The 2009 article was adapted from a speech Kavanaugh gave to law students only weeks before the 2008 election, addressing possible challenges facing the new president. In it, he recalls his experience working for Kenneth Starr during the President Clinton investigation and in the White House during the Bush administration.
Next is where critics get it wrong. “Having seen first-hand how complex and difficult that job is,” Kavanaugh writes, “I believe it vital that the President be able to focus on his never-ending tasks with as few distractions as possible.” Kavanaugh then argues that Congress should pass legislation deferring any civil suits, criminal investigation or prosecutions until a president is out of office.
The imperative words are Congress and legislation. Kavanaugh is not expressing a legal opinion, but a policy proposal. The article is, in fact, silent as to whether he believes the constitution bars prosecuting or suing a sitting president. Yet, Kavanaugh’s proposal for greater legislative protections offers a hint. After all, if Kavanaugh believed that the constitution forbids suits, investigations or prosecutions against a sitting president, legislation to defer them until after the president’s tenure would be unnecessary.
Even if Kavanaugh believed the constitution prohibits the indictment of a sitting president, his view would be well within the mainstream. The Office of Legal Counsel (an office within the Department of Justice) has for decades concluded that a sitting president is constitutionally immune from prosecution. And most legal scholars similarly believe a president is immune while in office.

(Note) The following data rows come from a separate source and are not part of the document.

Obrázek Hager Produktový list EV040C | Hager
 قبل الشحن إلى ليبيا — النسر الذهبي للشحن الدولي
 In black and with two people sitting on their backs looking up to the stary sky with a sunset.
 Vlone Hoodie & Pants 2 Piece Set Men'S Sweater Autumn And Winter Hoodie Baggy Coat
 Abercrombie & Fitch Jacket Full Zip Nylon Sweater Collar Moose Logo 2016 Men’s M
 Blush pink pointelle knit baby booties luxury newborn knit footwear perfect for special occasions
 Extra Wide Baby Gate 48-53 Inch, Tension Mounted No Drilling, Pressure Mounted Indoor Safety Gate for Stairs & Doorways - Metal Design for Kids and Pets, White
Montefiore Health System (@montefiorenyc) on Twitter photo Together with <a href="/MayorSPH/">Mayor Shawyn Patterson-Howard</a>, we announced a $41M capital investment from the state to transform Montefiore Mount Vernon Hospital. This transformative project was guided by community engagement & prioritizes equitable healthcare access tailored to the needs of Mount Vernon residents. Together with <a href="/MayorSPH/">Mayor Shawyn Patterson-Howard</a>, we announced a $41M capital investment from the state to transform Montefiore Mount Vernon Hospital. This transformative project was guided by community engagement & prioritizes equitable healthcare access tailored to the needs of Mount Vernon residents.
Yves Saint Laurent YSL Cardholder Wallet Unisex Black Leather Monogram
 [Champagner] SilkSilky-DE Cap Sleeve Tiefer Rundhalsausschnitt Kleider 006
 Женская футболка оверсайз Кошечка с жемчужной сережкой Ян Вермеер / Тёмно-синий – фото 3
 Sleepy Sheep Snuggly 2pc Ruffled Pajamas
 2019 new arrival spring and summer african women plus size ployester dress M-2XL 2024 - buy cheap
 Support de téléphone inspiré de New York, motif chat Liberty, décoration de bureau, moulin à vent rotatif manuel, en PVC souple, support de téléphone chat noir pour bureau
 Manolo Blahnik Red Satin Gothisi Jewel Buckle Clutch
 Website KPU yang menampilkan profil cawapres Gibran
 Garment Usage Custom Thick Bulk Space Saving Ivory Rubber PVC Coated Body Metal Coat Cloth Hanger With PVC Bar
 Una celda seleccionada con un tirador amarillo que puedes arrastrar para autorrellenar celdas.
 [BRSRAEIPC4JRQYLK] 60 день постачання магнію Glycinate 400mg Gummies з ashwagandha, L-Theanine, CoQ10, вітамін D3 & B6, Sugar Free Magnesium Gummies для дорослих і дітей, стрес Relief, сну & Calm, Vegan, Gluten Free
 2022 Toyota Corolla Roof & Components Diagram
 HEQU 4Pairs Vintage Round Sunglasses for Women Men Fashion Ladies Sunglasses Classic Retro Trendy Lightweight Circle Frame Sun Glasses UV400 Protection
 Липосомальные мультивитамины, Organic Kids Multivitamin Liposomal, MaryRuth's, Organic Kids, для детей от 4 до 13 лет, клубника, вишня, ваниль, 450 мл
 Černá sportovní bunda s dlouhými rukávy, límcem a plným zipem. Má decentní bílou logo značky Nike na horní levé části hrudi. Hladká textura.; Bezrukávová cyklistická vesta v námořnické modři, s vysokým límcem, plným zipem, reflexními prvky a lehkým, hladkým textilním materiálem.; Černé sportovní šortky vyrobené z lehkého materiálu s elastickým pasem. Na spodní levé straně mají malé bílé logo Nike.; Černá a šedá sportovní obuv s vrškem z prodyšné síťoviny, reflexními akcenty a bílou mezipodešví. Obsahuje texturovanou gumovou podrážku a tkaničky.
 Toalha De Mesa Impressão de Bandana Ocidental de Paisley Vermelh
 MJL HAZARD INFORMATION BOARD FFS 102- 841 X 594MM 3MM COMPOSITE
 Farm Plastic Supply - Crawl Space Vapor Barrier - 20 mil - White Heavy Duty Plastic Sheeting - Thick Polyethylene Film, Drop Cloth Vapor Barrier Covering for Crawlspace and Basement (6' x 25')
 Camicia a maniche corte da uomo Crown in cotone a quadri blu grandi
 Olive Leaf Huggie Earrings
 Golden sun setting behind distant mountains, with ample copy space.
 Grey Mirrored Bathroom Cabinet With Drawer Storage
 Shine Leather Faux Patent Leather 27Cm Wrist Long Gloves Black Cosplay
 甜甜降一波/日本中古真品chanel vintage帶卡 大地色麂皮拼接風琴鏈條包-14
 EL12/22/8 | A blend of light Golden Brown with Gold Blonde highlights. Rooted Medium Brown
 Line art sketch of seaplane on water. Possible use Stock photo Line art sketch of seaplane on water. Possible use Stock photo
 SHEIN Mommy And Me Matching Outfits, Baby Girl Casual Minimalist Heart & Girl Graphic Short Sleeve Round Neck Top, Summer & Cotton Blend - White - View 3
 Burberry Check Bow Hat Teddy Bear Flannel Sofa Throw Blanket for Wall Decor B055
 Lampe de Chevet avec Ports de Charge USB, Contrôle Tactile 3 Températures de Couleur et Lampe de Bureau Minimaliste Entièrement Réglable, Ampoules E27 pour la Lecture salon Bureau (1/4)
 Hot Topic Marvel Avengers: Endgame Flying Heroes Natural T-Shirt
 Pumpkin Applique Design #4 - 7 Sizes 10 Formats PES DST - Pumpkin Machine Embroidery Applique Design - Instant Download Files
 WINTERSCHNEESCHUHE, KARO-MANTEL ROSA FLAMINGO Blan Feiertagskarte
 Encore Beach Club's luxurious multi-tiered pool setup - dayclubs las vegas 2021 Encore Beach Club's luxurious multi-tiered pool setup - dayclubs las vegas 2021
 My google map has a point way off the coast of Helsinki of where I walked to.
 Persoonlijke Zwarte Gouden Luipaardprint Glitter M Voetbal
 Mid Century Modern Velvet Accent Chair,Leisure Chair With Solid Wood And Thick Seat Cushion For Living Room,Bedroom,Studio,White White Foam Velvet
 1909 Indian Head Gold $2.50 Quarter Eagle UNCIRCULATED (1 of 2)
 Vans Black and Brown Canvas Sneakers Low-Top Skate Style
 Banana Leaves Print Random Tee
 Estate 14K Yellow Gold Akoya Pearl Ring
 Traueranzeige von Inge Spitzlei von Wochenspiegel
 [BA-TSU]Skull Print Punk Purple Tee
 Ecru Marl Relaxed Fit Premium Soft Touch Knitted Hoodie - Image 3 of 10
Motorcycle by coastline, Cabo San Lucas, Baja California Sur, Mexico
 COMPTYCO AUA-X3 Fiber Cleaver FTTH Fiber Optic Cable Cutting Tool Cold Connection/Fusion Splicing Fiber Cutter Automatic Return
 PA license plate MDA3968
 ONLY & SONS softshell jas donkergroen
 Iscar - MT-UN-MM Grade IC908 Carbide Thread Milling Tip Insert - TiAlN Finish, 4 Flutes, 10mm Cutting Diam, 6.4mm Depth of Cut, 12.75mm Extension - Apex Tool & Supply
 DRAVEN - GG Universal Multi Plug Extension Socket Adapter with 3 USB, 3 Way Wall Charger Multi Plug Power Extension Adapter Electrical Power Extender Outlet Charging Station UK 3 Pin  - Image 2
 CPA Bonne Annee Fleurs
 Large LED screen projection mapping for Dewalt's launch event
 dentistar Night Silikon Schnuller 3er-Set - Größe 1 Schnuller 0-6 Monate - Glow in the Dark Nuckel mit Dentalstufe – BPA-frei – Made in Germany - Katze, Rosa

Importantly, although Kavanaugh’s legislative proposals are executive-friendly, he still recognizes Congress’s crucial role in checking the president’s powers. As he notes, the constitution offers Congress the ultimate “check against a bad-behaving or law-breaking President” – impeachment.
Still, some may contend that impeachment is unlikely if legislation exists barring criminal investigations. But the article does not propose barring congressional investigations. Indeed, in an earlier 1998 article, Kavanaugh argues that, when concerning the president, “congressional investigation must take place in lieu of criminal investigation.” He further claims that, historically, congressional investigations are where the public learns about “committed malfeasance in office.”
A fair review of Kavanaugh’s writings should reassure those who have concerns about his judicial independence. Although he may have suspicions about the merits of civil suits and prosecutions against sitting presidents, he has never claimed that a president is above the law. On the contrary, he supports robust congressional review and the power of the political process to remove an unworthy president from power. These are not partisan beliefs. Kavanaugh’s 2009 article was published in the first year of an Obama presidency, and his earlier 1998 article was written soon after work helping to investigate President Clinton.
As for any Supreme Court nominee, the Senate should carefully review and scrutinize Kavanaugh’s record. But a mischaracterization of his writings debases his critics’ credibility and serves as another example of the lamentably polarized judicial nomination process.